-------- RAW DATA

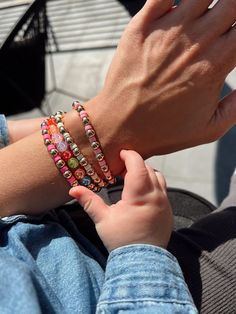 One of Helena's favorites! The Smile Beaded bracelet is a fun piece to add some variety and color to any stack! Wear your smile on your sleeve, and draw some more attention to your GH stack with these fun colors! Material: 18K Gold Filled Bead Size: 6mm Length: 6' inches (Stretches to 6.5') Chain Type: Beaded Everyday Multicolor Stretch Bracelet With Spacer Beads, Everyday Multicolor Tiny Beads Bracelet, Everyday Colorful Beaded Stretch Bracelet, Colorful Beaded Bracelets With Spacer Beads As Gift, Colorful Heishi Beads Bracelets For Friendship, Everyday Multicolor Tiny Beads Bracelets, Playful Pink Beaded Bracelets, Rainbow Beaded Bracelets With Spacer Beads For Friendship, Colorful Bracelets With Spacer Beads As Gift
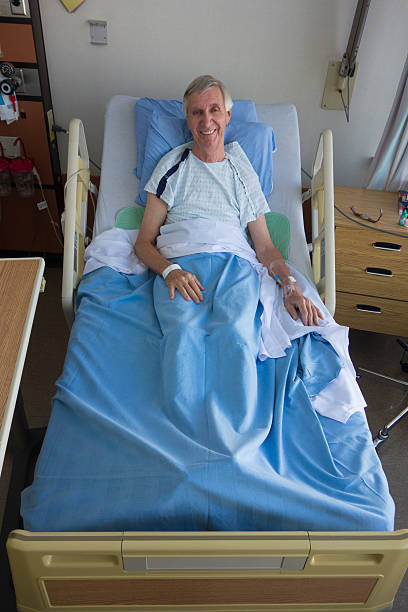 istock Mature Man Smiles From His Hospital Bed 531925637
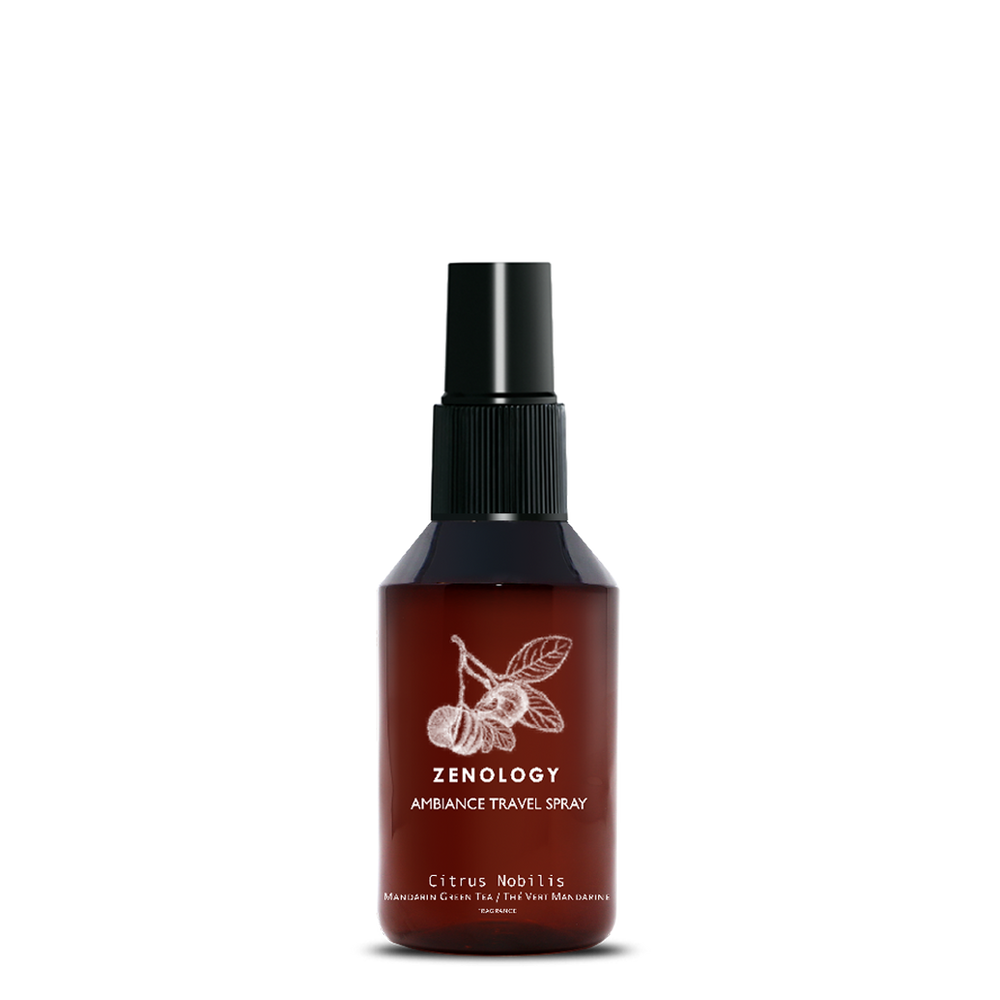 A small sized brown spray bottle labeled Zenology Ambiance Travel Spray Citrus Nobilis featuring an unique botanical illustration with a black spray top.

----------------

DESCRIPTION OF THE TASK = Could you transcribe exactly the lines from the one with "istock Mature Man" through the end of the data, both ends included, and nothing else, skipping the pictures?

REPLY =
 istock Mature Man Smiles From His Hospital Bed 531925637
 A small sized brown spray bottle labeled Zenology Ambiance Travel Spray Citrus Nobilis featuring an unique botanical illustration with a black spray top.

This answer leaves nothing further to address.